The COVID-19 pandemic shed light on accuracy of diagnoses via telehealth, with studies finding a high concordance rate between telehealth visits without the benefit of a physical exam, and in-person pain management consultant, which is similar to that found in other specialties. The proliferation of AI in electronic medical record systems that confer diagnoses based on patient and physician input of symptoms and signs suggests that in the future, patients with access to the information will be able to self-diagnose their chronic pain and other conditions. Many guidelines also recommend education and self-care in their back pain treatment algorithms, though the effect of education on outcomes is not well-known.

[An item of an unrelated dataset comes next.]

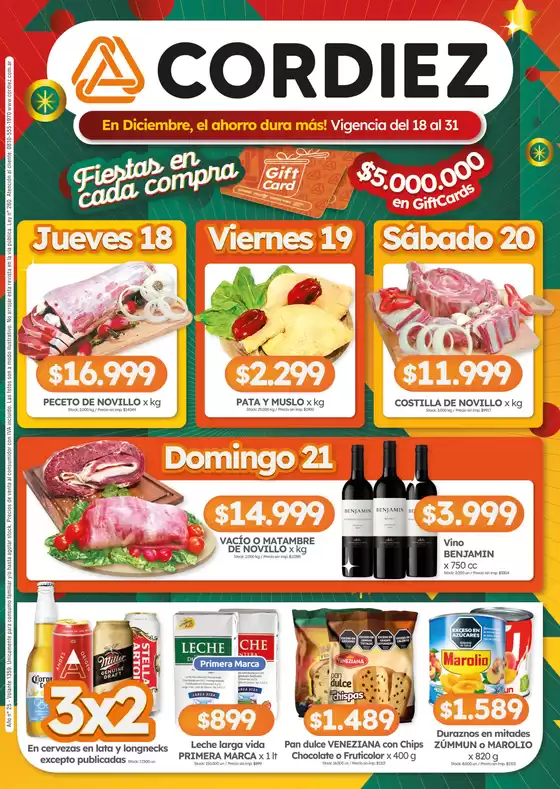 Catálogo Cordiez en Acassuso | Ofertas Cordiez | 2025-12-18T00:00:00.000Z - 2025-12-31T00:00:00.000Z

With this in mind, the purpose of this study is to determine how accurate patient diagnoses are when they are furnished with readily available information on the different etiologies for chronic low back pain (LBP), the leading cause of disability worldwide.

The plan is to enroll 269 patients in a 3:1 allocation ratio to either the 27-slide educational group or a condensed 4-slide control group. The patient will have the opportunity to ask questions, after which they will rate their top 2 diagnoses, in order. A trainee (resident or fellow) and the attending will do then do the same. Outcomes will be recorded at 4 weeks (e.g., for simple injections such as epidural steroids and sacroiliac joint injections, medications, physical therapy) or at 12 weeks for more invasive procedures such as spinal cord stimulation, radiofrequency ablation, or vertebral augmentation.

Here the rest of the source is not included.